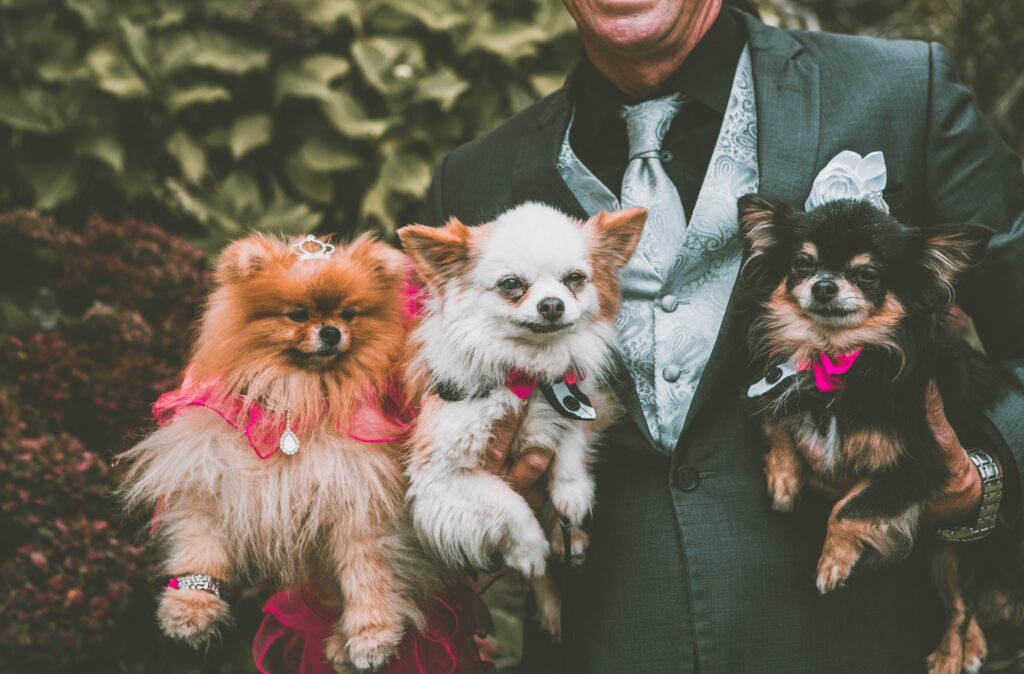 Wedding Dogs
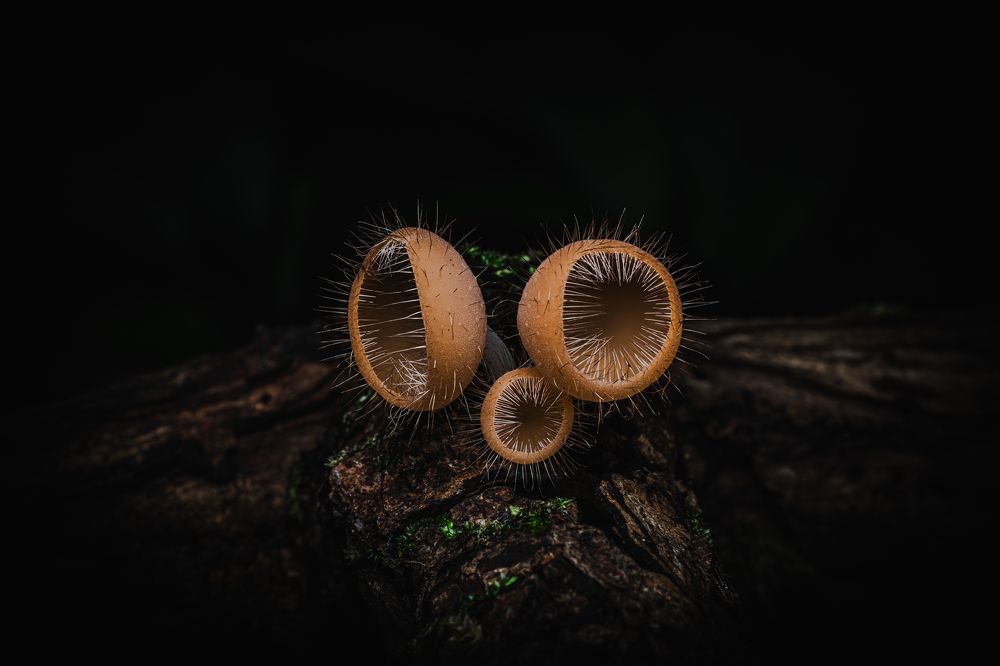 Photograph by Hardik Shah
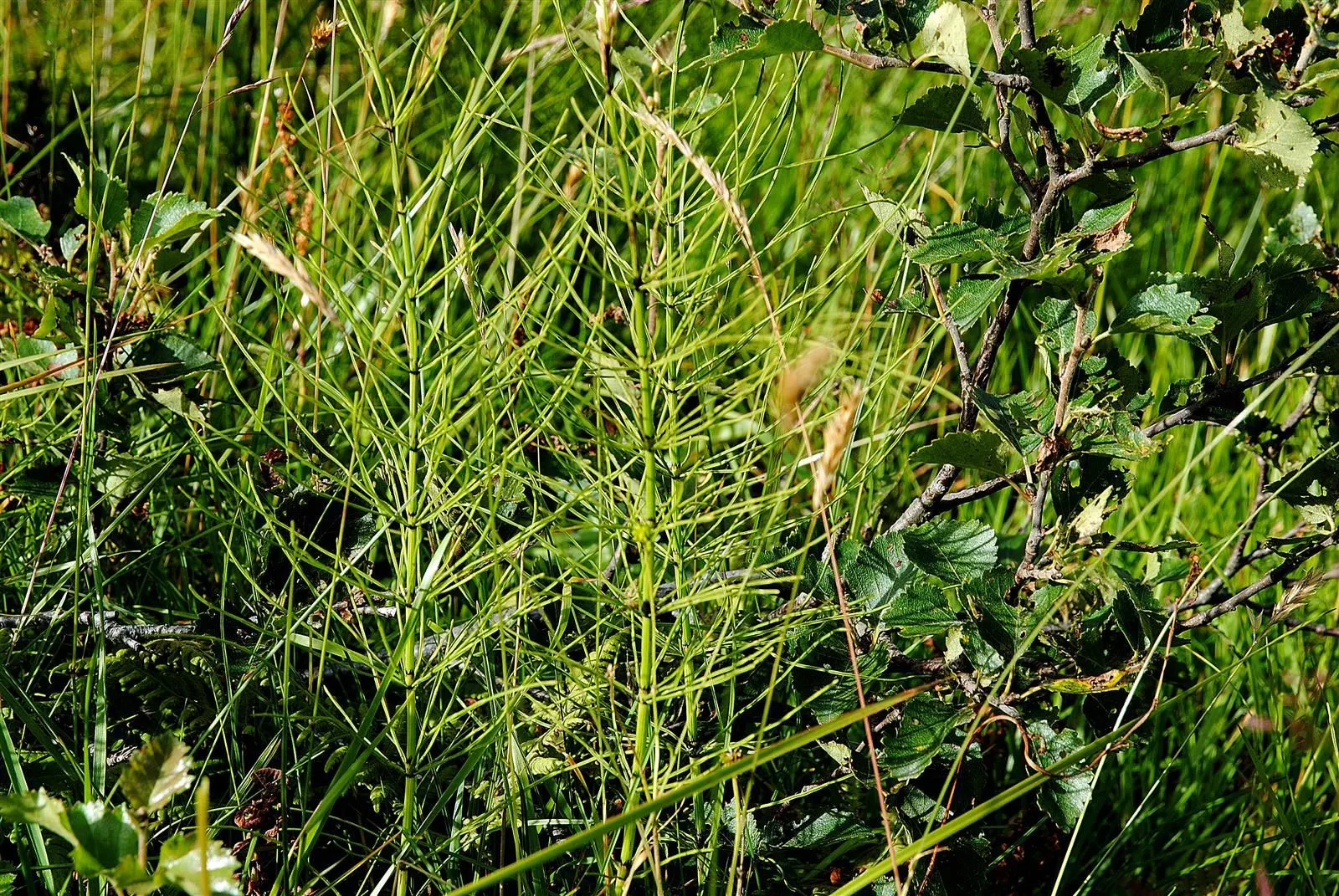 Horsetail (Equisetum Hyemale) — is a perennial fern ally that can inject structural elegance into any landscape design; the plant thrives in moist, image 128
------------------------------------------------------------
§ **YOUR INSTRUCTIONS**:
A word-for-word repeat is expected of the lines from the one with "Photograph by Hardik Shah" to the end of the data, both included; pictures are not part of it.

§ **RESPONSE TO THE TASK**:
 Photograph by Hardik Shah
 Horsetail (Equisetum Hyemale) — is a perennial fern ally that can inject structural elegance into any landscape design; the plant thrives in moist, image 128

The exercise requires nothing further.